*Your instructions*
Check each line of the records for "инструмент"; collect those that have it.

Caption-style text data:
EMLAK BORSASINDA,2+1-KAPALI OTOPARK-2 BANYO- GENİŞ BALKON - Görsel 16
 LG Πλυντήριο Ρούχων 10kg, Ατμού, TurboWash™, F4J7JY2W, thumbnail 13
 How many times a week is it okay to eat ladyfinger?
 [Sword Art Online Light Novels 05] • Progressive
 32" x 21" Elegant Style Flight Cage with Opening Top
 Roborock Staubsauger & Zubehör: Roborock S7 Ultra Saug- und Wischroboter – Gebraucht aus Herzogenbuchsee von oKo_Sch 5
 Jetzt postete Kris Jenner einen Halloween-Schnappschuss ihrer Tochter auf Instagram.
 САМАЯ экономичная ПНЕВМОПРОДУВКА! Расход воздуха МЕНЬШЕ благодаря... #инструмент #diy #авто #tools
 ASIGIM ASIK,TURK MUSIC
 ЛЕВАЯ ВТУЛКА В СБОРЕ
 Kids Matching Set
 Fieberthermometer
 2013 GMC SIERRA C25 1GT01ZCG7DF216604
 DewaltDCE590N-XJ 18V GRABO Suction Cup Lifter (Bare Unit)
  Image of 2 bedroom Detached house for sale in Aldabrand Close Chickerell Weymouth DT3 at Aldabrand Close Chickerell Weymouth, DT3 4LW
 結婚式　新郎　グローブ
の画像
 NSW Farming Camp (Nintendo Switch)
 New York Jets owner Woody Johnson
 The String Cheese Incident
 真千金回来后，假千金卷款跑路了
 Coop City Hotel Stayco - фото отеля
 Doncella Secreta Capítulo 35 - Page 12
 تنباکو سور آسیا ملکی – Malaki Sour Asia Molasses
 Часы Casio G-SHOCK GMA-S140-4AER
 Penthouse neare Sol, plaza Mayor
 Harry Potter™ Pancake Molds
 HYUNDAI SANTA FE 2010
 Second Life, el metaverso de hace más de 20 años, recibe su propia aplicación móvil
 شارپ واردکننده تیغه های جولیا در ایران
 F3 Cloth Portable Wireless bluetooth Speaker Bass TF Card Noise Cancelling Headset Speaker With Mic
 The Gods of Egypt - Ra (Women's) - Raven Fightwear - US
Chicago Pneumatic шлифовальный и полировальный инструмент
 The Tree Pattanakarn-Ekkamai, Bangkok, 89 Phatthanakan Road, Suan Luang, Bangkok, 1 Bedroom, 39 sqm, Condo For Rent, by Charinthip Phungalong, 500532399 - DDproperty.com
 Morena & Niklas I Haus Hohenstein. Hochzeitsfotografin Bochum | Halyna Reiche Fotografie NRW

*Your solution*
 САМАЯ экономичная ПНЕВМОПРОДУВКА! Расход воздуха МЕНЬШЕ благодаря... #инструмент #diy #авто #tools
Chicago Pneumatic шлифовальный и полировальный инструмент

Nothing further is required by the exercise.